What is needed → Leaving out all pictures, write out word for word the lines from the one containing "Madame Petit - Chapter 24 - Page 23" to the end of the data below.

(Scraped caption text data)
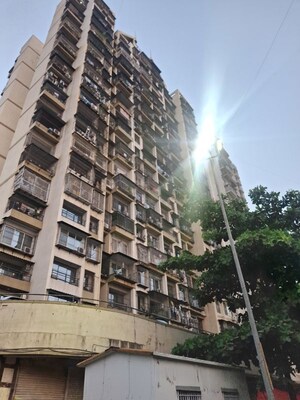 2 BHK Apartment For Rent in Tulsi Aura Mumbai, Ghansoli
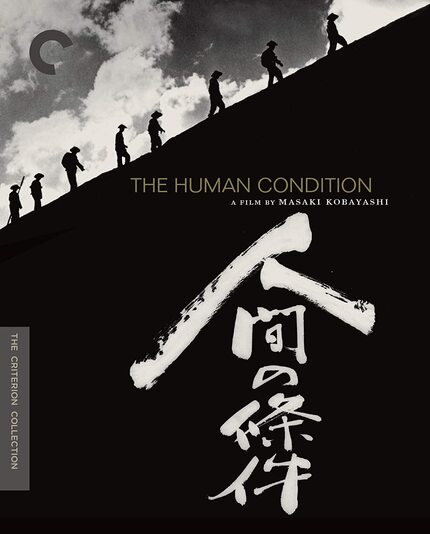 Blu-ray Review: Criterion Re-explores THE HUMAN CONDITION 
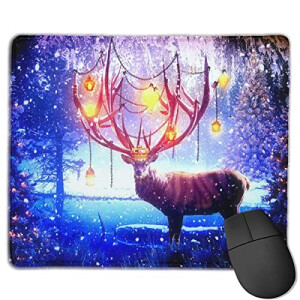 Tapis de souris Renne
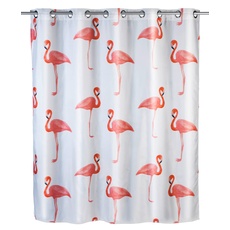 Bild Duschvorhang Flamingo Flex, Badzubehör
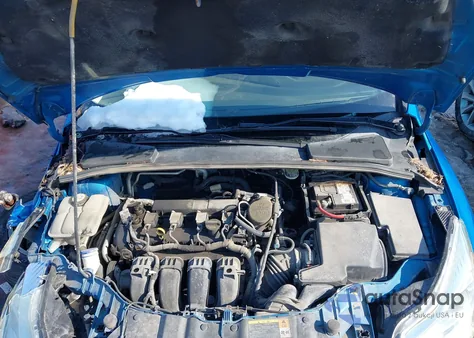 2012 Ford Focus Se z USA, uszkodzony, nr VIN 1FAHP3F22CL173830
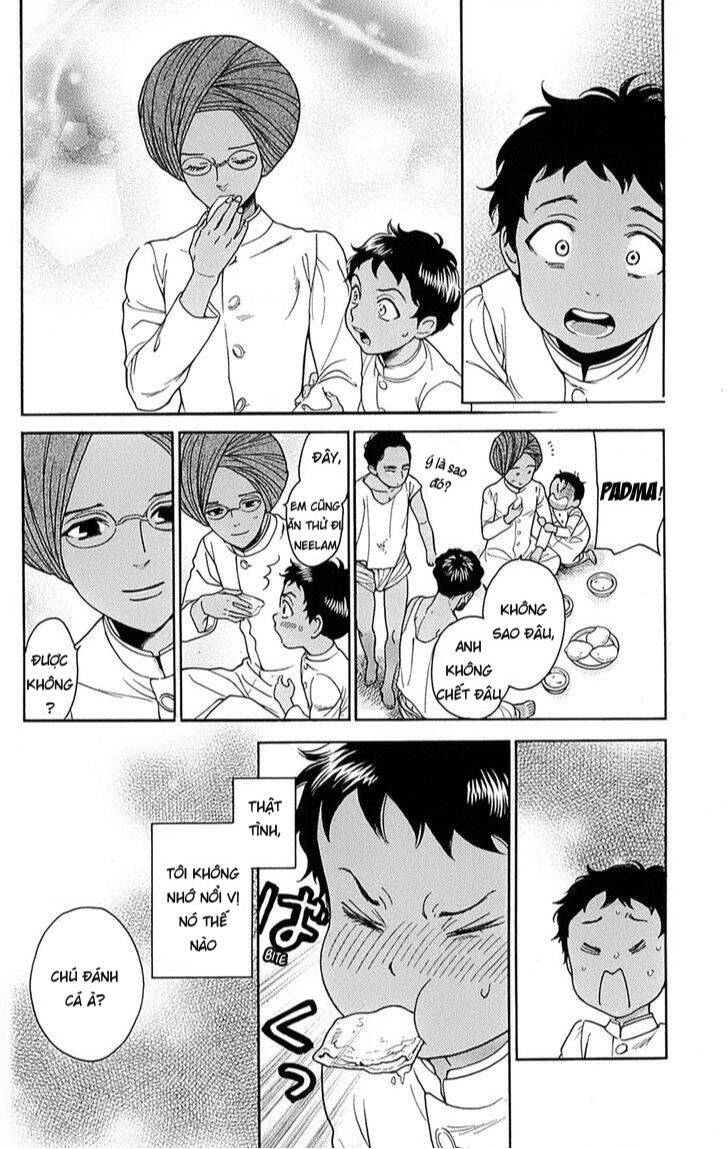 Madame Petit - Chapter 24 - Page 23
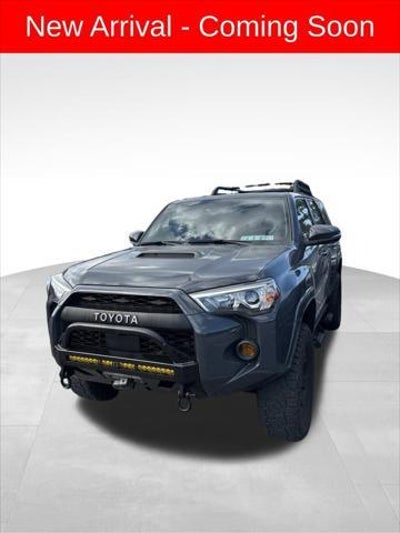 2024 Toyota 4runner 4X4 TRD Pro 4DR SUV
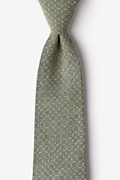 Nixon Sage Tie Photo (0)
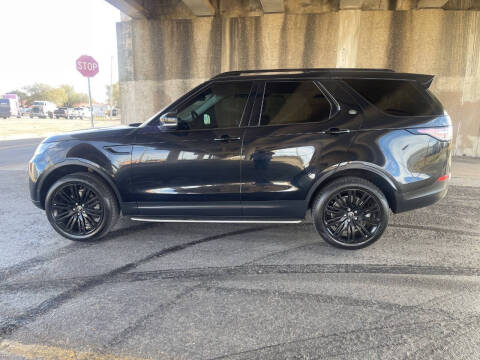 2017 Land Rover Discovery First Edition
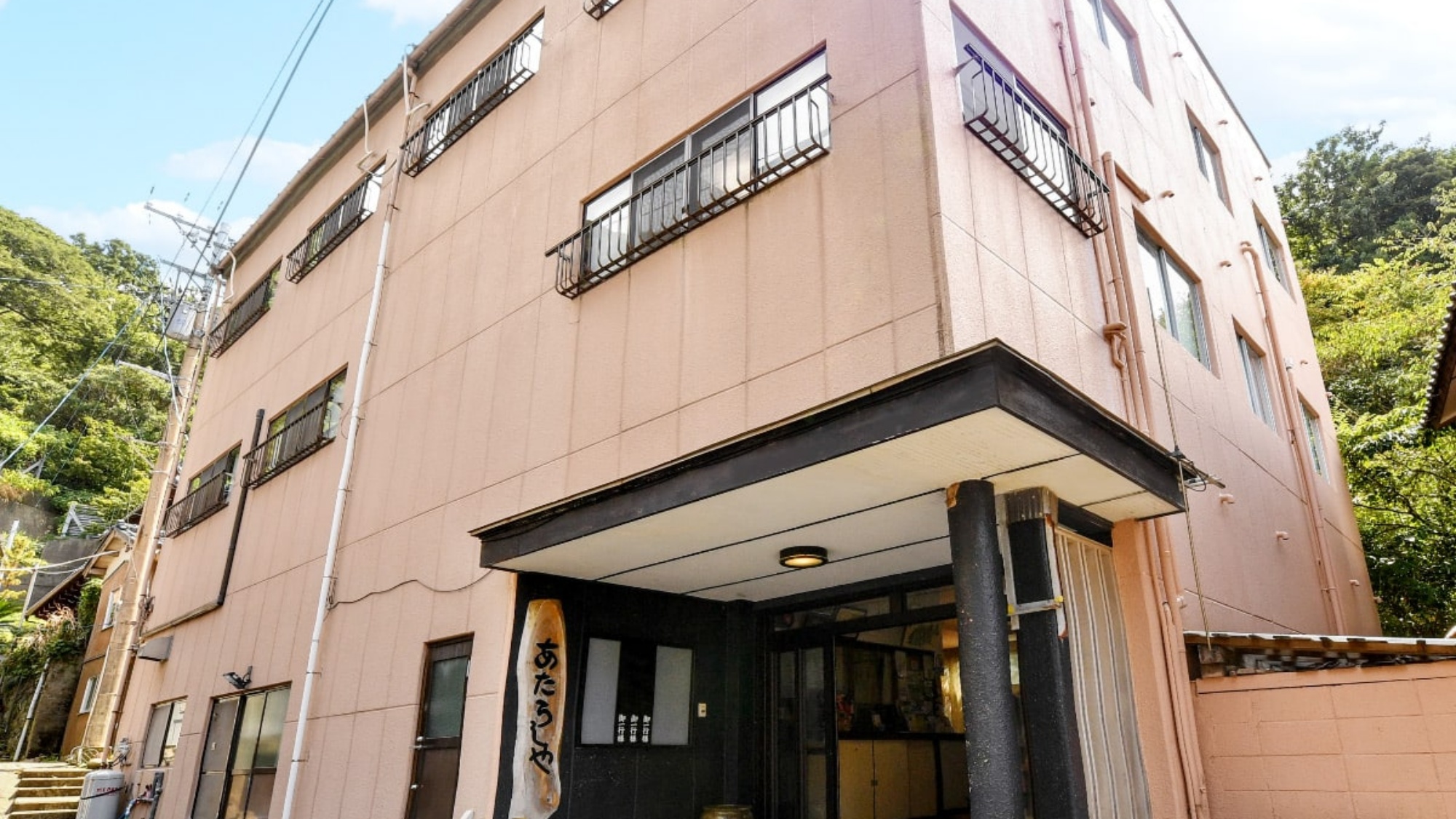 *看板／福井観光・ビジネスなど旅の拠点にご利用ください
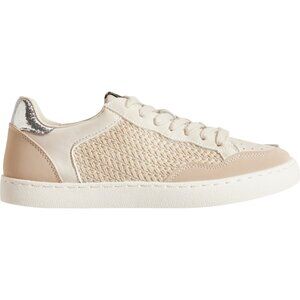 NEW C&C California Summer Sneakers For Women in silver 253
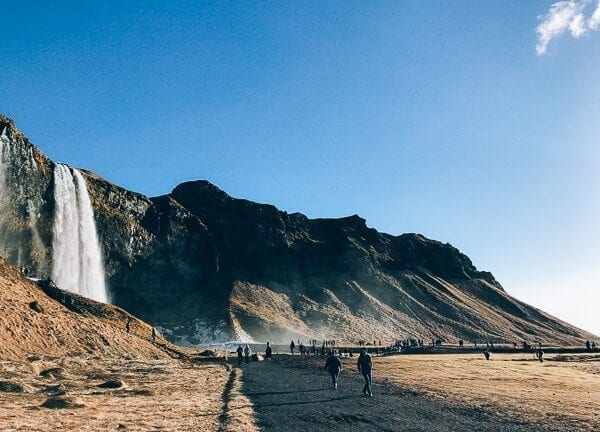 Seljalandsfoss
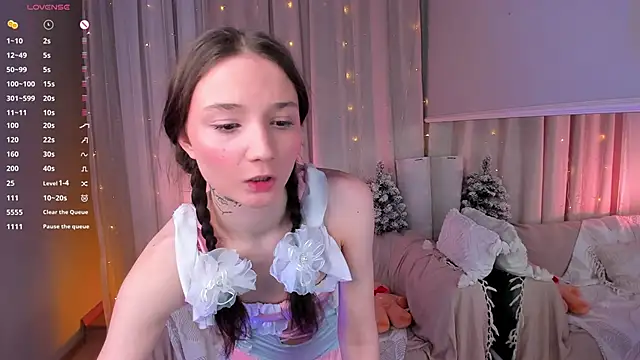 MilliMouse online show from 12/18/25, 11:33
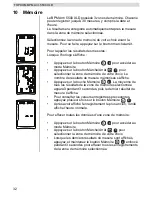 Preview for 32 page of Topcom BPM ARM 5500 XLD User Manual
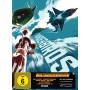 Jonathan Frakes - THUNDERBIRDS - 2 Blu-ray-Disc-Mediabook B (Thomas [DE-Version, Regio 2/B]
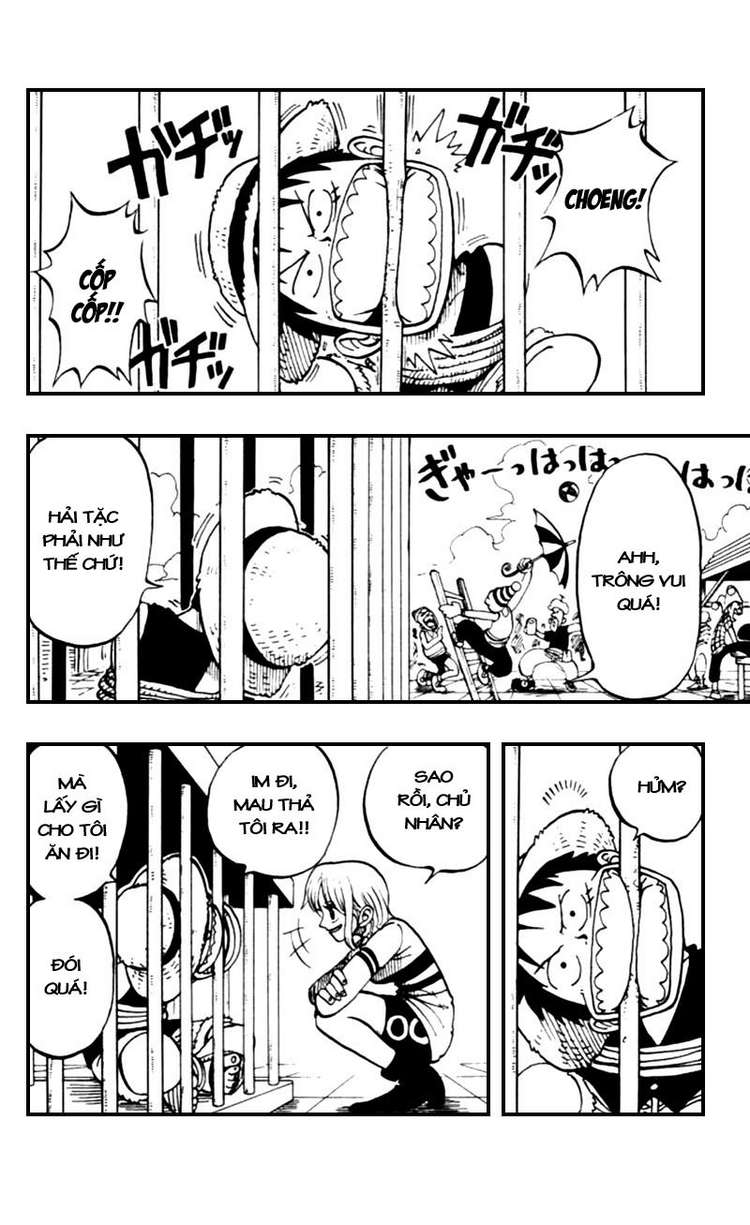 One Piece Chap 10 - Next Chap 11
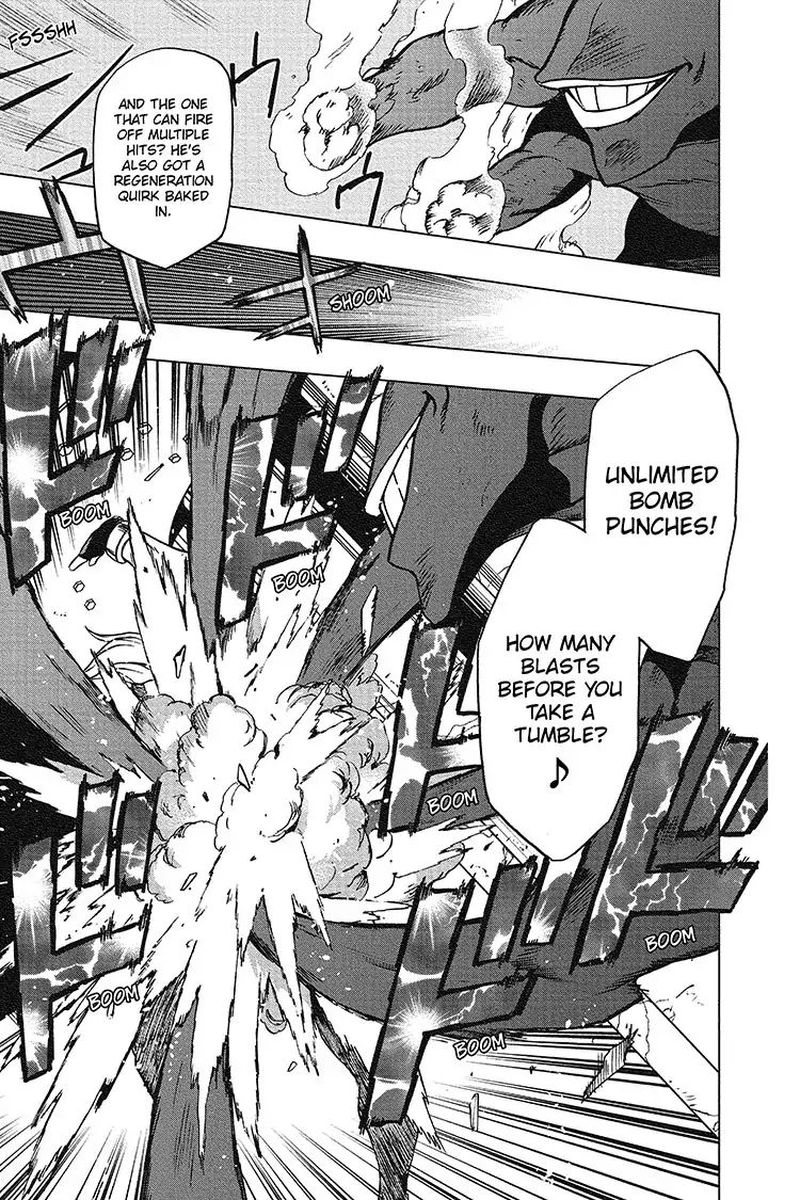 Vigilante Boku No Hero Academia Illegals 50 19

Response below →
 Madame Petit - Chapter 24 - Page 23
 2024 Toyota 4runner 4X4 TRD Pro 4DR SUV
 Nixon Sage Tie Photo (0)
 2017 Land Rover Discovery First Edition
 *看板／福井観光・ビジネスなど旅の拠点にご利用ください
 NEW C&C California Summer Sneakers For Women in silver 253
 Seljalandsfoss
 MilliMouse online show from 12/18/25, 11:33
 Preview for 32 page of Topcom BPM ARM 5500 XLD User Manual
 Jonathan Frakes - THUNDERBIRDS - 2 Blu-ray-Disc-Mediabook B (Thomas [DE-Version, Regio 2/B]
 One Piece Chap 10 - Next Chap 11
 Vigilante Boku No Hero Academia Illegals 50 19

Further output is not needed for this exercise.